◆ Given information:
━━━━━━━━━━━━━━━━━━━━

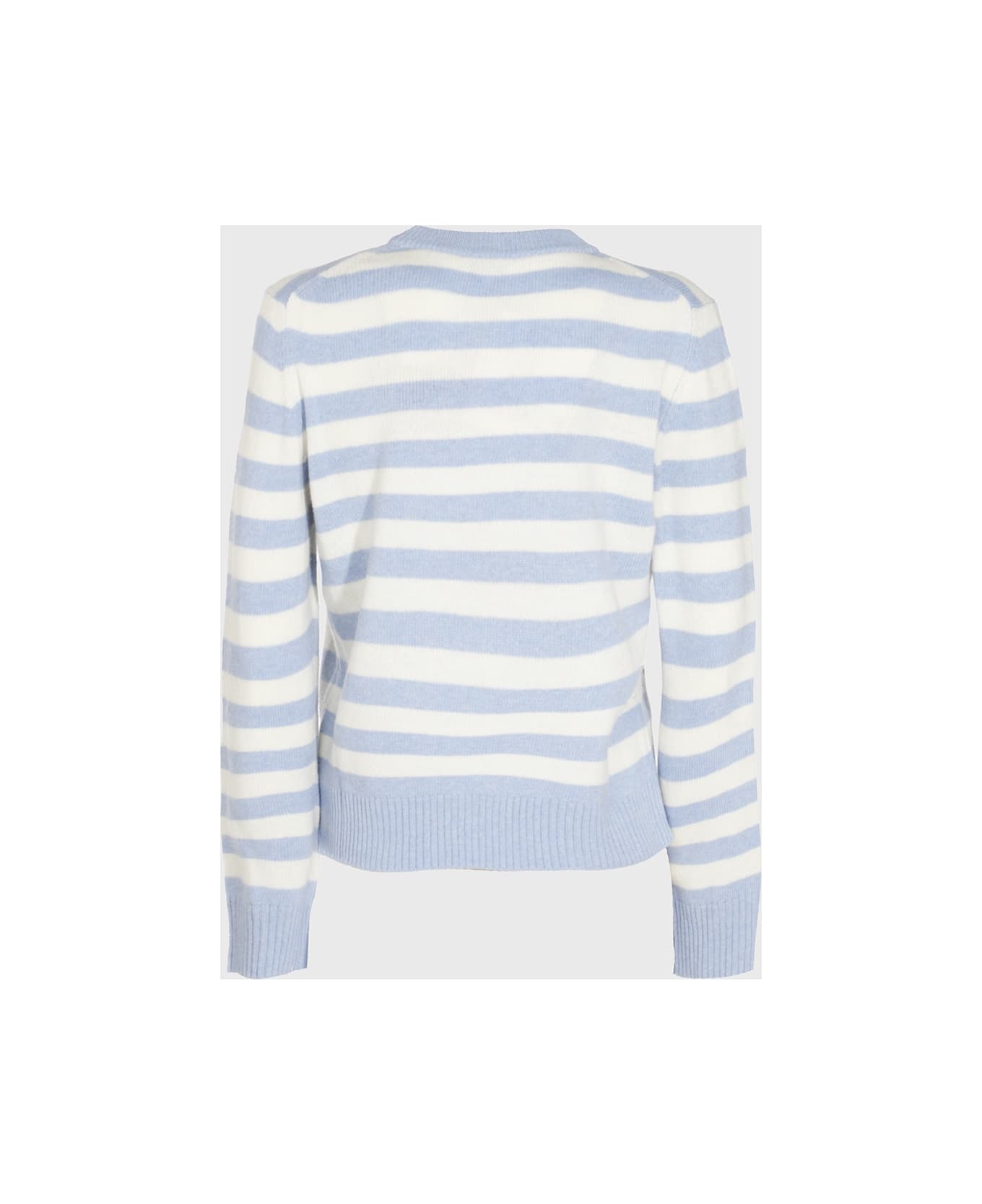 Blue Wool Knitwear - 2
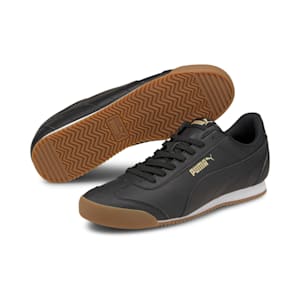 ユニセックス プーマ チュリーノ FSL スニーカー, Puma Black-Puma Black-Gum, extralarge-JPN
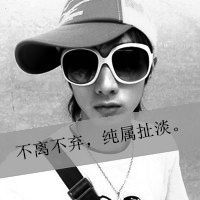 超拽个性非主流男生黑白头像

━━━━━━━━━━━━━━━━━━━━

◆ Action item:
Reproduce the data above in full, exactly as it is, with the pictures left out.

◆ Written answer:
 Blue Wool Knitwear - 2
 ユニセックス プーマ チュリーノ FSL スニーカー, Puma Black-Puma Black-Gum, extralarge-JPN
 超拽个性非主流男生黑白头像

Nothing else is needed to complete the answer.